In many ways, this book is a call to arms, telling all people to pick up their pens and write. This idea of writing for you and you alone, in addition to the therapeutic benefits, is very freeing. To write something that makes you happy, without thought of critics or other censoring factors, makes writing easier and less daunting. Some people, she notes, will stop writing entirely at the slightest sign of criticism. But if you are writing for yourself alone, then you are the only person you need to please. Ueland describes writing in an uninhibited way, of just being who you are and writing without worrying about censoring yourself. “Work with all your intelligence and love. Work freely and rollickingly as though you were talking to a friend who loves you. Mentally (at least three or four times a day) thumb your nose at all know-it-alls, jeerers, critics, doubters” (Ueland 9). She recommends sitting idly in front of the page, and then write what you think “with microscopic truthfulness” (Ueland 102). Through this process of simply writing down thoughts – in a slow and idle, imaginative way – ideas will form over time, and hours of writing down small thoughts and ideas will eventually result in the big thought or idea finding its way to your page (Ueland 34).

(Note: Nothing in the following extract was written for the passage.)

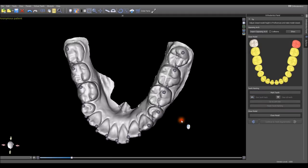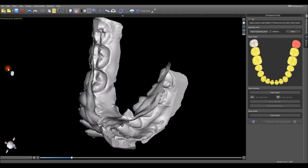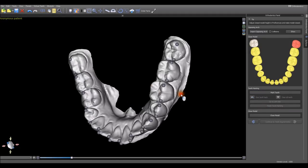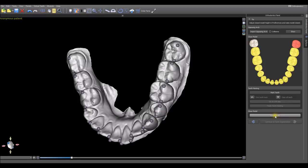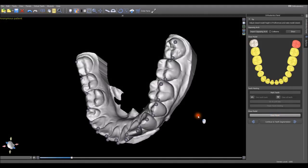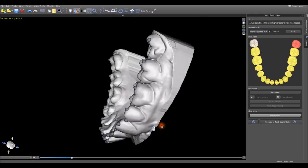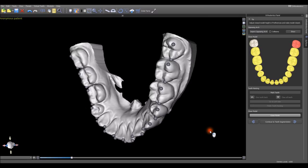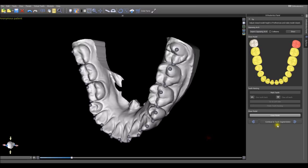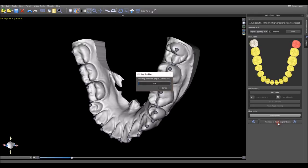We can add a base to the model by clicking Close Model. Now we've marked the corners of the teeth, we have our base added. We click Continue to Teeth Segmentation.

Brenda Ueland believes, like Van Gogh, that art is about finding the beauty in common everyday things, because, as she asks, “what is the purpose of existence Here or Yonder but to discover truth and beauty and express it?” (Ueland 179). She believes in writing with a truth that comes from the deepest parts of you for the sole purpose of making yourself happy and fulfilled. Readers of If You Want to Write will discover how to find their own personal joy in honest, unrestrained, plain writing made beautiful and profound with the meaning found in it. Researchers have proven that Ueland was right when she said that writing for yourself was good for your health, but anyone reading this book will easily recognize her true message: Brenda Ueland makes you believe that you can – you really can – write.